2.7 KiB
Monitoring — Decisions
Settled monitoring choices / do-not-re-litigate notes.
Runtime source of truth
/etc/zlh-monitor is the operational source of truth for the monitoring host.
- Prometheus runtime config:
/etc/zlh-monitor/prometheus/prometheus.yml - Prometheus service wiring:
/etc/default/prometheus - Grafana provisioning:
/etc/zlh-monitor/grafana/provisioning - Grafana dashboards:
/etc/zlh-monitor/grafana/dashboards
Do not treat legacy /etc/prometheus or default Grafana sample provisioning as authoritative once the zlh-monitor layout is in place.
Metrics model
Monitoring is not API-only.
- API discovery + monitor sync + file_sd owns lifecycle inventory and add/remove validation.
- Container Alloy remote-write to Prometheus is the canonical game/dev metrics path.
- Prometheus listens on
10.60.0.25:9090so Alloy remote-write from hosts/containers can reach it. - Grafana reads Prometheus for dashboards.
Container Alloy model
Alloy is the standard collector for game/dev containers.
- Container Alloy listens on
0.0.0.0:12345. game-dev-alloyscrape health is valid because container Alloy is reachable on the container IP.- Container Alloy also remote-writes metrics to Prometheus.

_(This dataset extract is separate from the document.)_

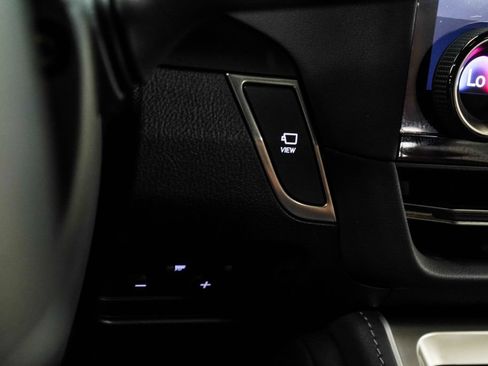 Used 2024 Lexus GX 550 w/ Accessory Package (2T) AWD/4WD image 40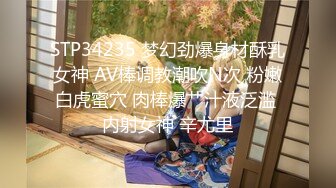 【骚小妹两男一女3P大战】骑乘边操边吃大屌，垫着枕头抬起屁股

node_exporteris not used in game/dev containers.
Template note should reflect:
Alloy Metrics/UI: :12345/metrics
Alloy Listen Addr: 0.0.0.0:12345
Node Exporter: not used
Discovery behavior
Dynamic game/dev lifecycle discovery excludes non-lifecycle core dev systems by CIDR. Core/dev infrastructure such as 9091 / zpack-dev-velocity / 10.60.0.220 must not appear as a lifecycle dev container.
Monitor sync allows empty discovery:
ALLOW_EMPTY="true"
This is intentional so deleting the last game/dev container clears:
/etc/zlh-monitor/prometheus/file_sd/game-dev-alloy.json -> []
Grafana model
Grafana provisions from /etc/zlh-monitor/grafana/provisioning and dashboards from /etc/zlh-monitor/grafana/dashboards.
Live dashboards:
- Core Services - Overview
- Core Service - Detail
- Game Containers
- Dev Containers
The old node_exporter router dashboard is archived at:
/etc/zlh-monitor/grafana/dashboards-archive/core-routers.json
Logging model
No Loki is currently enabled.
Future direction:
- Loki should be centralized shared infrastructure.
- Do not run Loki per game/dev container.
- Containers should ship selected logs through Alloy when centralized logging is enabled.
Platform exceptions
OPNsense and PBS remain explicit platform monitoring exceptions.
OPNsense may later need a router-only node_exporter job or another router-specific monitoring path. That should stay separate from the game/dev container Alloy contract.